I’ll tell you my experience so far with CUDA, maybe it’d help
First of all IT IS FAST, u just have to get it right.
Second of all no matter how many ppl have written the code before, it’s somehow not that easy to reuse the code, cause you still need to optimize for your specific application … so you just use it as reference.
Documentation is fine, but is still missing a lot, thats where the forum comes in handy where NVIDIA employees can directly answer you (which i guess is a major “thumb up” up for CUDA)
U also have to understand lots of stuff about the GPU architecture in order to start writing, or else it’ll be slow.

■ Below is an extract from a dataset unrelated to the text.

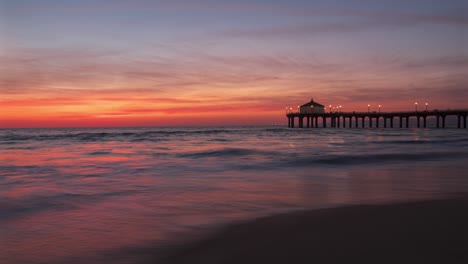 Zeitraffer-Des-Manhattan-Beach-Pier-Bei-Sonnenuntergang-In-Südkalifornien,-Vereinigte-Staaten
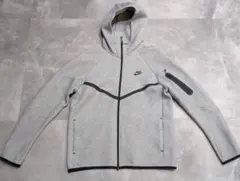 美品　NIKE テックフリース　Lサイズ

CUDA profiler is extremely helpful, best tool I’ve seen, unlike the debugger which is still not that good.
Code size expands a lot of course, the more performance you want to gain, the more code u’ll have to write. It doesnt always work like that but on average a single loop on the CPU could be broken into a page or 2 for CUDA code.
Mapping threads is not that easy. And designing the function to take arbitrary Grid/block sizes is not easy too. Sometimes these things are fixed to enable certain functions to work or to get through certain constrains.
SHARED MEMORY (very useful memory interface) is way toooooooooooooooooo small, which is a big challenge for a developer. wished it was larger, it would’ve made a great difference. I guess its now 48K in the new fermi architecture.
Texture memory is well documented and can vastly increase performance
Some important stuff about the GPU architecture are barely discussed in the programming guide, such as constant memory and pinned/mapped memory, you must use then search the SDK for one or 2 examples in order to get things straight.
DEBUGGING IS AN ISSUE, ATLEAST FOR ME, thats what makes it so much pain, specially when the emulator doesnt serve ur need for specific tasks.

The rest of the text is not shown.